----- Available data
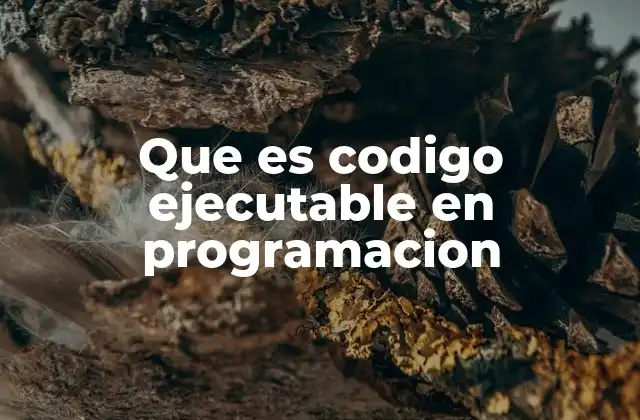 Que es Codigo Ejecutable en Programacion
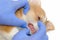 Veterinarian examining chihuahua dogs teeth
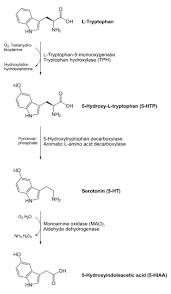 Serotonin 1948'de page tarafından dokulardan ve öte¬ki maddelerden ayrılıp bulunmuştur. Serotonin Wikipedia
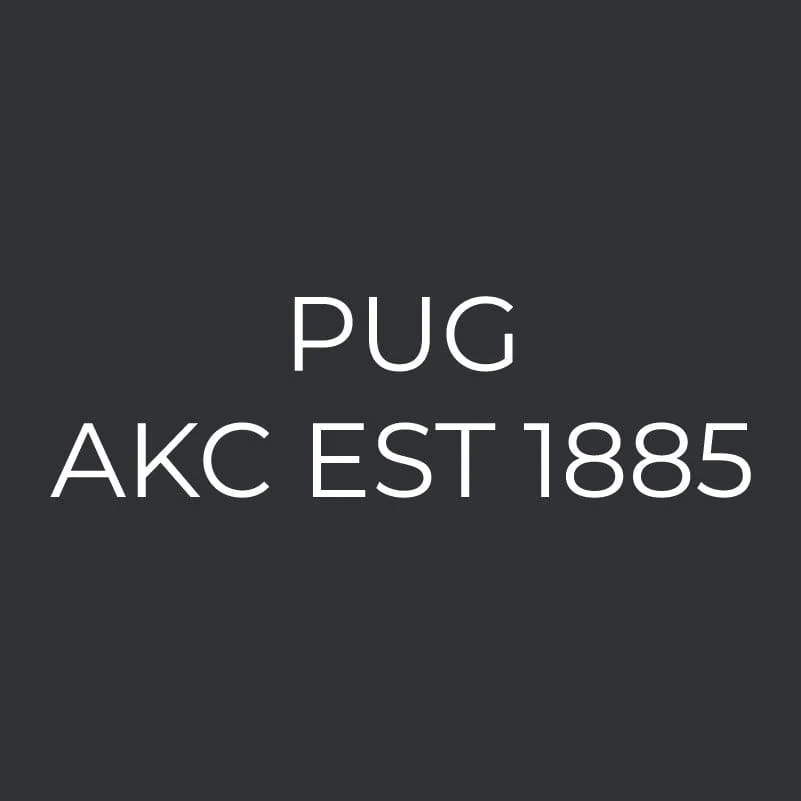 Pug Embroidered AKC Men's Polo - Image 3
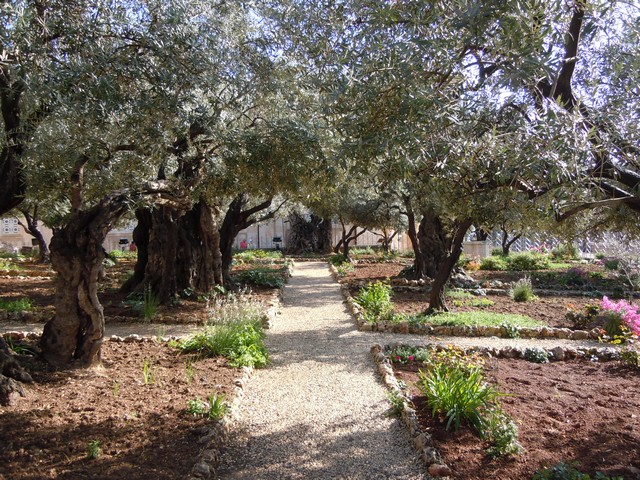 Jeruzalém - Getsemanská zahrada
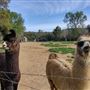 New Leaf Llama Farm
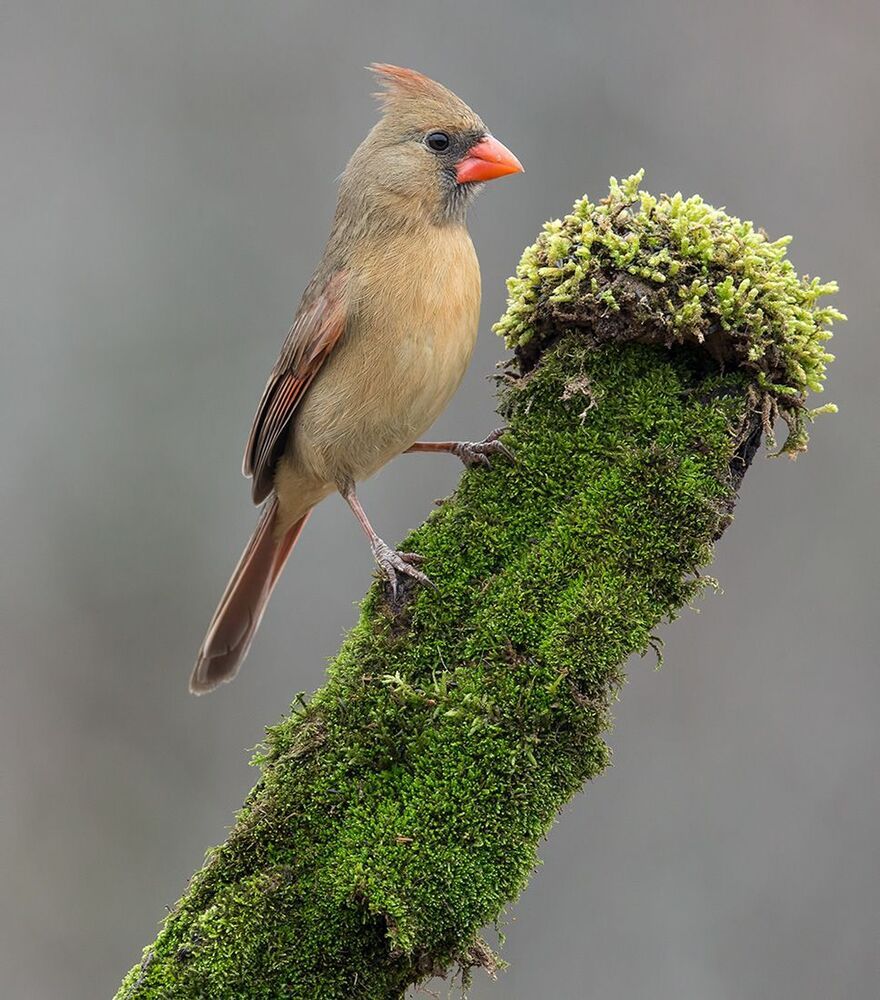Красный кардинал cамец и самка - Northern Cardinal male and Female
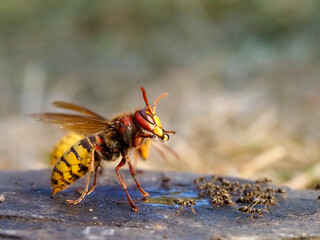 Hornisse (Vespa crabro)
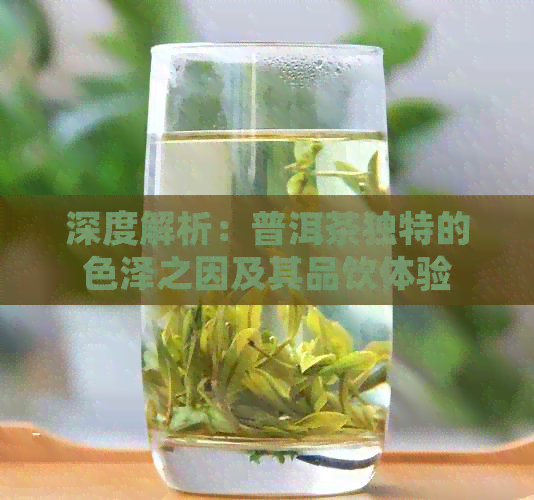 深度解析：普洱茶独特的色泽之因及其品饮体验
----------
Please retype, exactly and with the pictures left out, the lines from the line containing "Красный кардинал cамец" through the last line of the records above.

Красный кардинал cамец и самка - Northern Cardinal male and Female
 Hornisse (Vespa crabro)
 深度解析：普洱茶独特的色泽之因及其品饮体验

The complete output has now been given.